2023/03/31

Space Time Zone


With NASA going back to the moon, Elon Musk going to Mars, and various other countries and corporations planning lunar and planetary trips and new space stations, International scientists and engineers have been debating how they will tell time in space, since there that are no days, months, and years, let alone time zones, and clocks move at slightly different speeds in other inertial reference frames.There is agreement that it is important for communication, cooperation, and safety that there be a single time standard  everyone, a Universal Time for the solar system. 

As recently reported by the Associated Press, the European Space Agency hosted a meeting in the Netherlands last November to discuss the issue. Earth and Mars already have time systems, such as the Mars Sol Date, which counts Martian days, or "sols," and divides them decimally. A Martian sol is 39 minutes and 35.244 seconds longer than an earth day. Today is MJD 60035.7, or April 1, on earth, but on Mars, it is MSD 53055.0. Every other planet has a different rotation period, not to mention years. 
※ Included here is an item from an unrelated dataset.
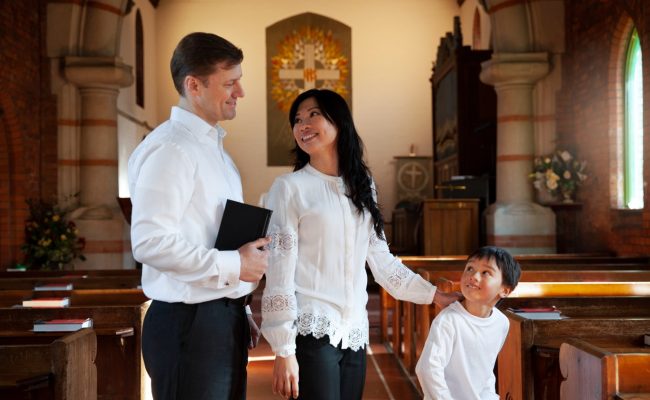 Happy family at church after church cleaning services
The natural cycles that govern time on earth are earth days, lunar months, and solar years. Julius Caesar got us to stop tracking the moon. There are no yearly seasons in space. The only cycle that we can't ignore is the diurnal one, to which we are naturally synchronized by sleep. Therefore, the new system will only count days. To avoid confusion with earth times, it will also avoid using hours and minutes, and divide the day decimally. The most useful decimal period is one percent of a day, or a centiday, which is close to a quarter hour in earth time. For more precision, there are millidays and microdays. Instead of weeks, months, and years, we have decadays, hectodays, and kilodays. And someday, maybe we'll take our new system of times and dates to the stars, and have star dates.